Update Sensors, Jobs, Graphs, and Ops¶
This guide will walk through the operation of the underlying Dagster orchestrator used by the Runtime, using a particular Sensor as the entry point.
A Dagster Repository is a
collection of code that defines how orchestration is to be done. The
nmdc_runtime.site.repository
module exposes three such repositories via the @repository
decorator. The creatively named repo
repository is the main one. The translation
and test_translation
repositories are used for GOLD
database translation jobs.
Why multiple repositories? A given repository may require resources that a given Dagster deployment may not provide -- it is nice to opt-in to serve a given repository of functionality.
A Dagster Workspace loads one or more repositories for a given deployment.
A Dagster Sensor defines a
process that will be run over and over again at a regular, relatively tight interval such as every
30 seconds. The claim_and_run_apply_changesheet_jobs
sensor, defined in
nmdc_runtime.site.repository
via the @sensor
decorator, is the example we'll explore here.
A sensor decides, via the code in its body, to yield one or more RunRequest
s, requests to run a
particular job with a particular configuration. A sensor may also yield a SkipReason
to log why no
job requests were yielded for a particular run of the sensor.

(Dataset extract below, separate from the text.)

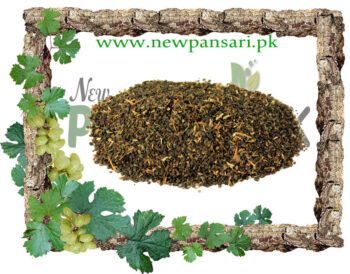 Hygrophila Seeds (Tukhm-e-Talmakhana) Scientific Name Asteracantha Longifolia Linn تخم تالمکھانہ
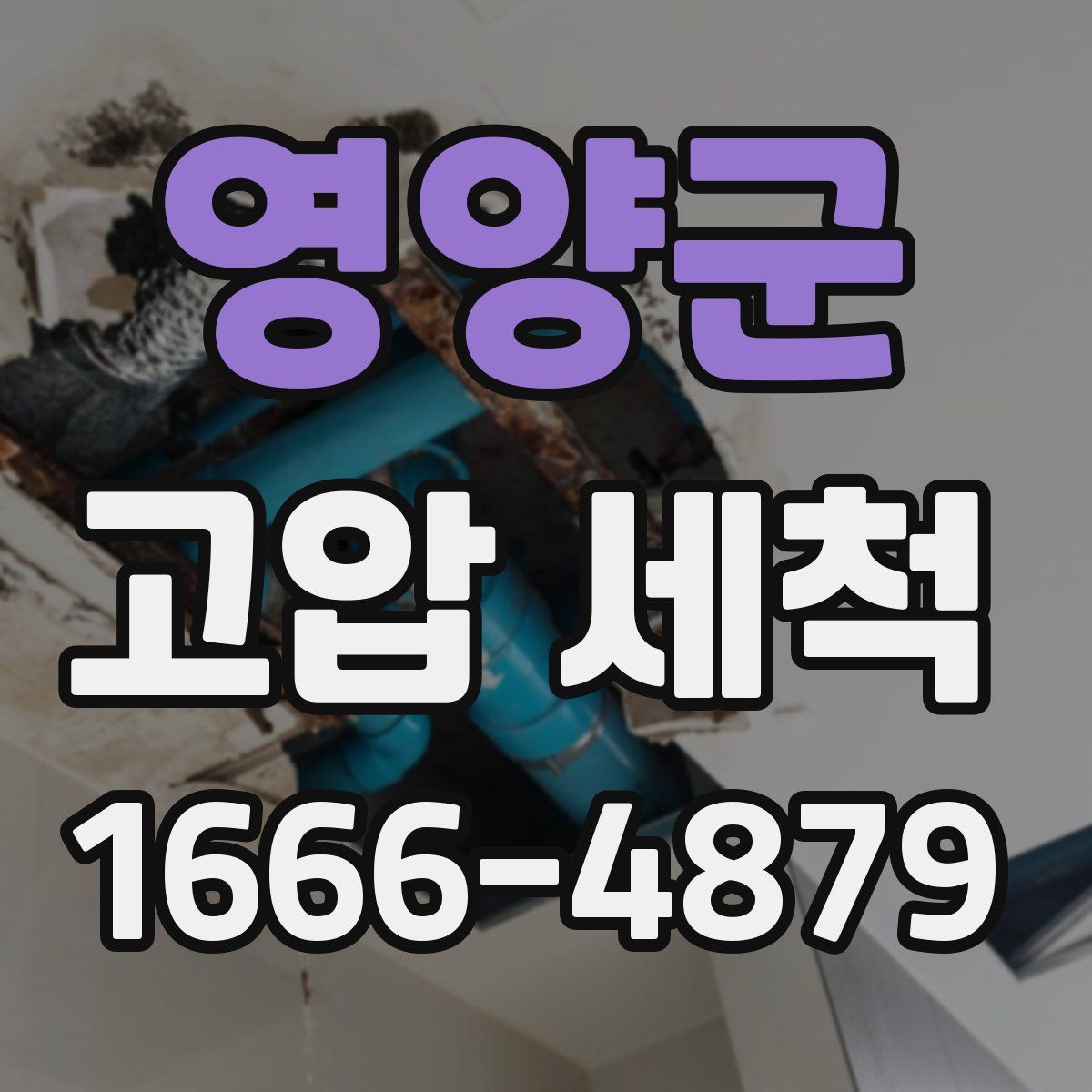 영양군 고압 세척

What is a Dagster "job"? A Dagster Job is an executable (directed acyclic) graph of operations. Breaking this down, a Dagster Graph will define abstract dependencies such as "I need a resource called 'mongo' for my operations". A Dagster Op, or Operation, is a Python function that performs work and that depends on resources, e.g. "mongo", that are made accessible to it at runtime. Finally, a Job is a configuration of a Graph that makes resources more concrete, e.g. "by 'mongo', I mean instantiate this Python class, passing it these parameters with values fetched from these environment variables."

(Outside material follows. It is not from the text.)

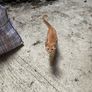 kittens for adoption Image 3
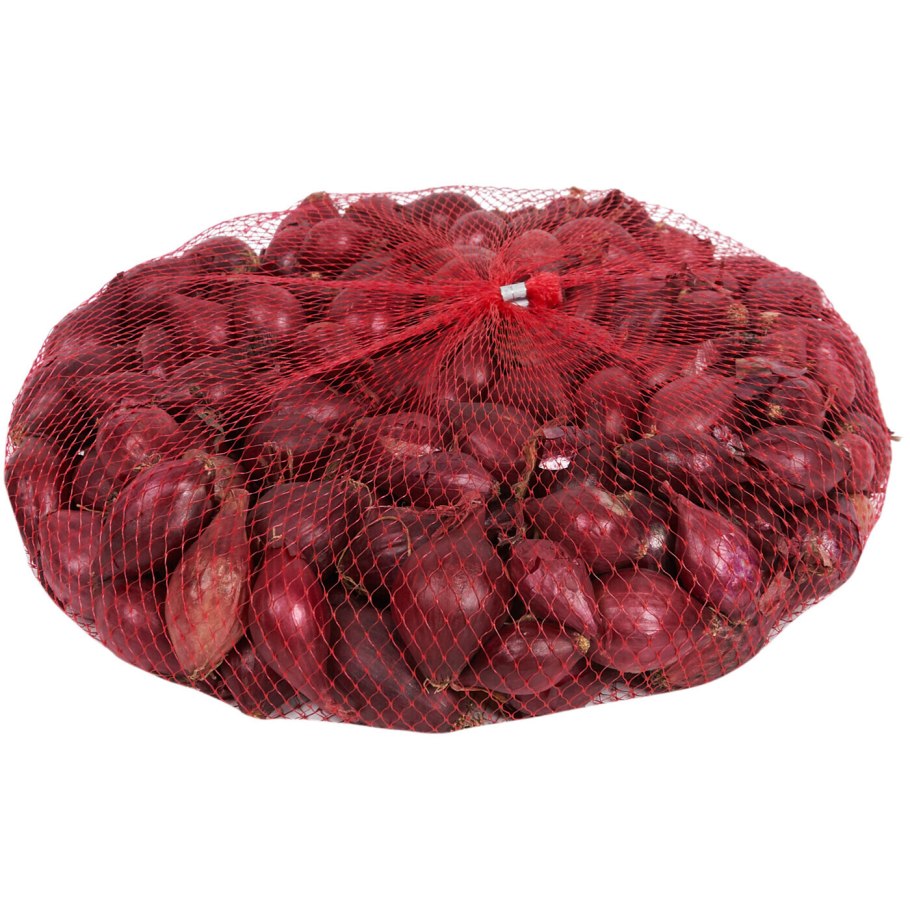 Лук севок кармен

In the case of the claim_and_run_apply_changesheet_jobs
sensor, the kind of job that it yields
RunRequest
s for is given as an argument to the @sensor
decorator, i.e.
@sensor(job=apply_changesheet.to_job(**preset_normal))

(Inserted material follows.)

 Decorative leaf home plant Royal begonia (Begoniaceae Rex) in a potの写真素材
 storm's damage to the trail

def claim_and_run_apply_changesheet_jobs(_context):
...
where apply_changesheet
is a Graph definition and preset_normal
is a Python dictionary that
supplies resource definitions (a mapping of resource names to Python functions decorated with
@resource
) as well as configuration for the resources (incl. specifying environment variables to
source).
The apply_changesheet
Graph is defined in nmdc_runtime.site.graphs
as follows:
@graph
def apply_changesheet():
sheet_in = get_changesheet_in()
perform_changesheet_updates(sheet_in)
which is rendered in Dagster's Dagit UI as a graph:
Thus, Dagster inspects the Python code's abstract syntax tree (AST) in order to create a graph of
operation nodes and their input/output dependencies. You can explore the Dagit rendering of this job
at /workspace/repo@nmdc_runtime.site.repository:repo/jobs/apply_changesheet/
on your local
instance (at http://localhost:3000
by default) or e.g. the read-only deployed
version.
The operations comprising apply_changesheet
are @op
-decorated functions in
nmdc_runtime.site.ops
, i.e.
@op(required_resource_keys={"mongo"})
def get_changesheet_in(context) -> ChangesheetIn:
mdb: MongoDatabase = context.resources.mongo.db
object_id = context.solid_config.get("object_id")
...
and
@op(required_resource_keys={"mongo"})
def perform_changesheet_updates(context, sheet_in: ChangesheetIn):
....
Here you can see that Dagster operations (Ops) communicate what resources the need when they are
run. Resources are injected as part of the context
argument supplied to the function call. You can also see that other particular values that configure
the job run, and thus are usable as input, can be passed to the specific solid being run (solid
is Dagster's deprecated term for op, and
context
objects now have equivalent op_config
attributes).
This extra level of indirection allows different schemes for the execution of job steps, i.e. ops. For example, the default Dagster Executor executes each step in its own spawned system process on the host machine, i.e. multiprocessing. One can also decide to e.g. execute each step within its own Docker container or even within an ephemeral kubernetes pod. There is similar system flexibility at the Run Launcher level for each Job (configured graph of Ops) run, where one can launch jobs runs in new processes (the default), new Docker containers, etc.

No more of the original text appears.